INSTRUCTIONS FOR THE TASK
The lines to find are those in the entries that hold the word "Blue"; copy every one of them.

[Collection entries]
··········
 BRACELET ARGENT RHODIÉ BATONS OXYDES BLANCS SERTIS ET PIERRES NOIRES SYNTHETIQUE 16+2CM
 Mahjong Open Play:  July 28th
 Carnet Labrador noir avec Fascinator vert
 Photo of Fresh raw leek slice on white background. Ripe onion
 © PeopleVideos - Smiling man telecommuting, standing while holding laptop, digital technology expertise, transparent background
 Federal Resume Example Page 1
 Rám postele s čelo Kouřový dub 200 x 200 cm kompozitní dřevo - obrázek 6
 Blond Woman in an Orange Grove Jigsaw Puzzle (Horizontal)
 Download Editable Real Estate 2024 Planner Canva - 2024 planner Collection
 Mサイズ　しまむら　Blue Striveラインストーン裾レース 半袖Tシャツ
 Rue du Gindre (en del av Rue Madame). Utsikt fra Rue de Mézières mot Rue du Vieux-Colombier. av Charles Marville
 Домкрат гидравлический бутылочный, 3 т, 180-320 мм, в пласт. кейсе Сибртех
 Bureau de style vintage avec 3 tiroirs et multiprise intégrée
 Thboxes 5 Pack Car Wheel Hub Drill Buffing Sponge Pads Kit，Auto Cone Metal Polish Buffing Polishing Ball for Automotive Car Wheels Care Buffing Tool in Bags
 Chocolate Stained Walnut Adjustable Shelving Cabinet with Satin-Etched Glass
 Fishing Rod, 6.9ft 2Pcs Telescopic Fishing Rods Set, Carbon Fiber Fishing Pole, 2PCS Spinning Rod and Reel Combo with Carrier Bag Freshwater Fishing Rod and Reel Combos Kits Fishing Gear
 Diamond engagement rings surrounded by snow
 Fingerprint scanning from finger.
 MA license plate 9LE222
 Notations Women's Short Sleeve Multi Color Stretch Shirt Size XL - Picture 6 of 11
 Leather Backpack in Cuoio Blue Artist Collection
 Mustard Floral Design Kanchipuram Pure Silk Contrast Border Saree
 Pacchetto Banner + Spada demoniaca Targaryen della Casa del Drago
··········
SOLUTION TO THIS PROBLEM
 Mサイズ　しまむら　Blue Striveラインストーン裾レース 半袖Tシャツ
 Leather Backpack in Cuoio Blue Artist Collection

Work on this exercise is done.